The G4 version, which came out in 2002, was one of the most iconic desktop computer designs ever. That's the one with a 17-inch LCD display floating on a stainless steel arm over a half-sphere dome that served as the base, and housed the computer's "guts."
If we're really being honest, however, in the last few years the iMac has lost that playfulness. It still has a personality, but as its silver aluminum industrial design became thinner and more sophisticated, the iMac's personality changed.
It is still a better-looking computer than almost any other desktop, but it's starting to show its age. It has large bezels around the display, and a chin that makes it resemble a caricature of what a cool all-in-one might look like--seven years ago. Plus, it hadn't seen a color that isn't either gray or darker gray in years.
On Tuesday, Apple announced the newest version of the iMac. The highlight was supposed to be that it now includes Apple's M1 processor. That's certainly a big deal, and it shouldn't be overlooked. After all, Apple had promised to transition all of its Macs to Apple Silicon within two years, and we're nearing the halfway point of that promise.
Besides, the M1 is an order of magnitude faster than the Intel chips it replaces, making the new iMacs an incredible all-around computer. The M1 even meant that Apple was able to slim down, well, everything about the new iMac. It has thinner bezels, a smaller chin, and there's no longer a bulge on the back to house all of the computer guts.
Honestly, though, I think a much bigger deal is that the new iMac is now available in seven colors.

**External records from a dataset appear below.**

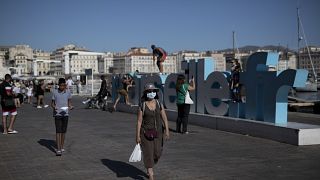 A woman walks along Marseille's Old Port, southern France, Friday Aug 7, 2020. 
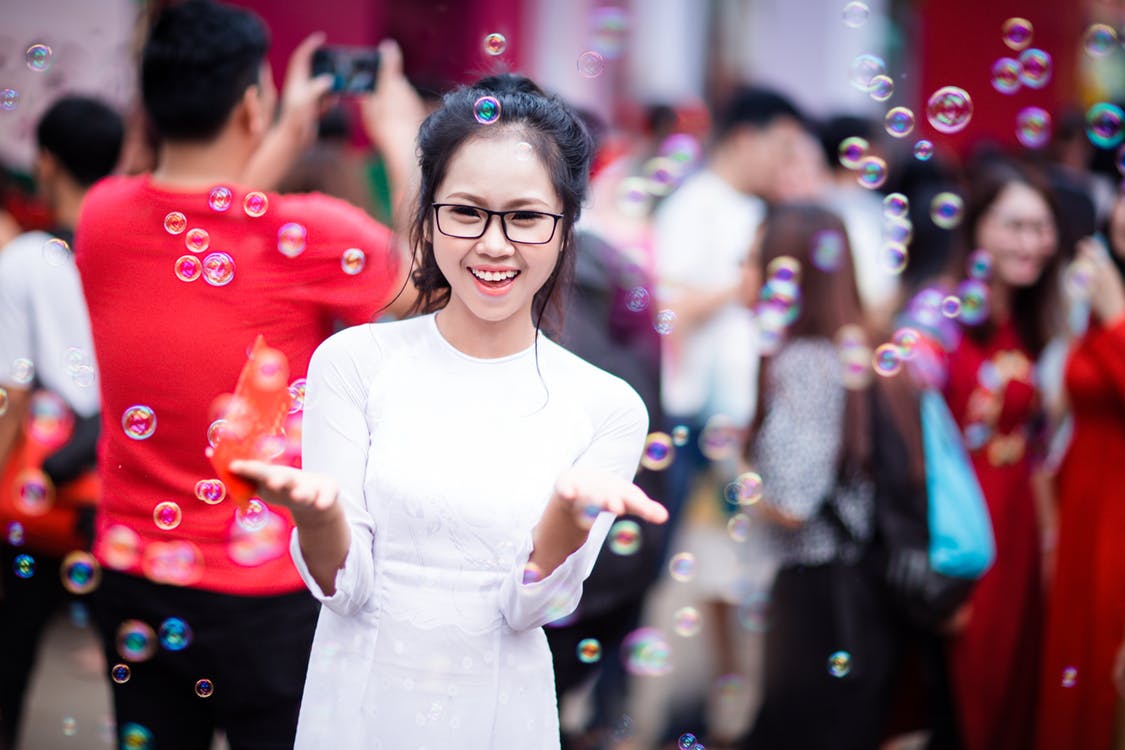 Woman standing amongst bubbles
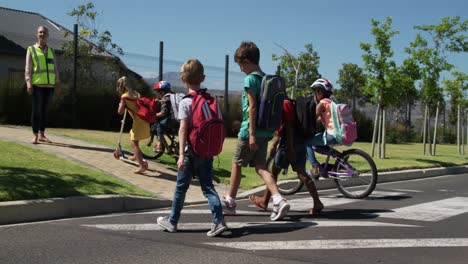 group of kids crossing the road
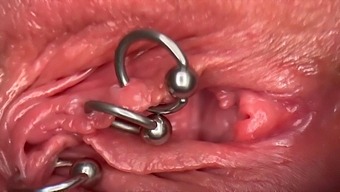 Close-Up Video Of A Woman'S Wet And Pierced Pussy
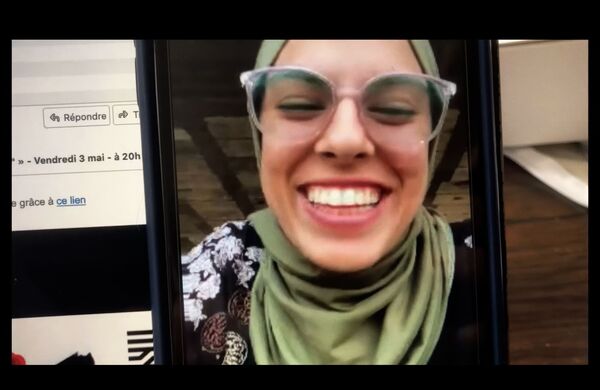 A young woman in glasses and a head covering smiles through a mobile phone screen. 
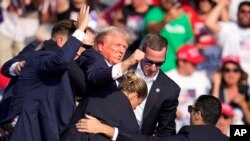 Former U.S. President Donald Trump was rushed from the stage at the campaign rally in Pennsylvania by Secret Service agents on July 13.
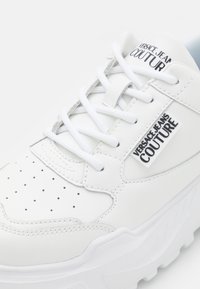 Baskets blanches avec un dessus en cuir, détails perforés, lacets plats et une semelle épaisse et texturée. Présente le logo "Versace Jeans Couture".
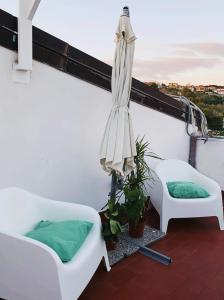 un balcón con 2 sillas blancas y una sombrilla en Attico Elena - Catania, en Catania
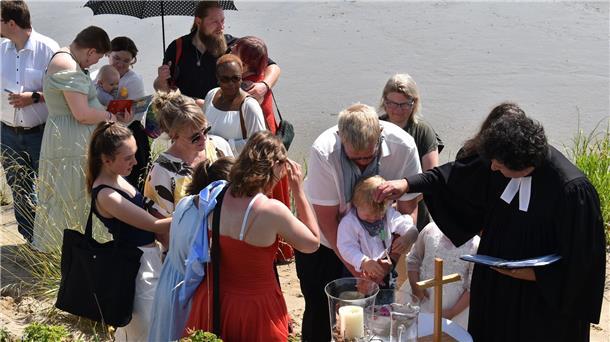 Kind wird am Fluss getauft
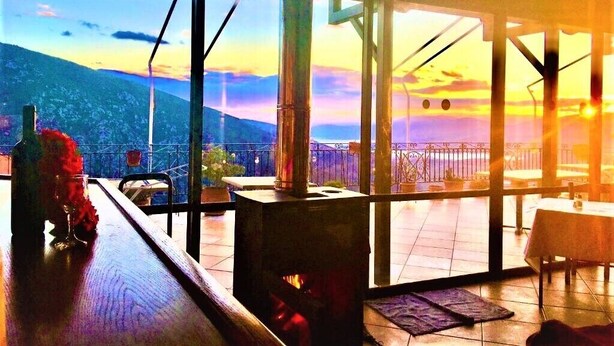 A restaurant with a large window overlooking a mountainous landscape. - Aiolos Hotel (Delphi)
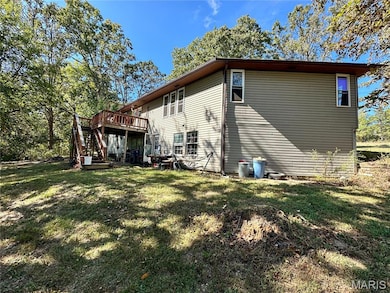 View of side of property featuring a wooden deck, stairs, and a yard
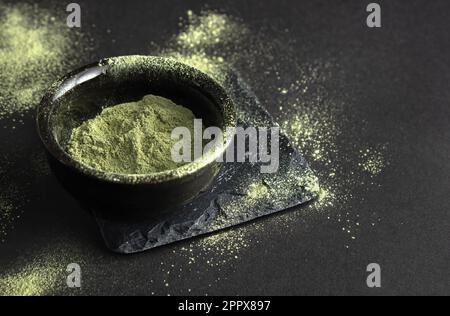 Grünes Pulver in einer kleinen Keramikschüssel, auf einem Steinständer, auf schwarzem Hintergrund. Der Hintergrund ist mit diesem Pulver bestreut. Super Food oder ma Stockfoto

Welcome back, personality.
It might not seem like adding color is that big of a deal, but I think it's brilliant, especially for the iMac. If the explosion of personalization that happened on the iPhone when Apple made it possible to customize your Home Screen and add widgets is any indication, our devices are more an extension of our own personality than ever before.
And most of us would probably prefer to think our personalities are colorful--not gray. It's as if Apple is saying to its customers, you no longer have to choose gray or grayer-gray. Now, you can choose whichever color suits you--just like you can do with an iPhone.
This latest design brings back the thing that made the iMac so popular in the first place. In this case, along with the fun, you also happen to get one of the most powerful Macs the company has ever made. That's not a bad deal at all, and I suspect Apple will probably sell a lot of them. That's brilliant.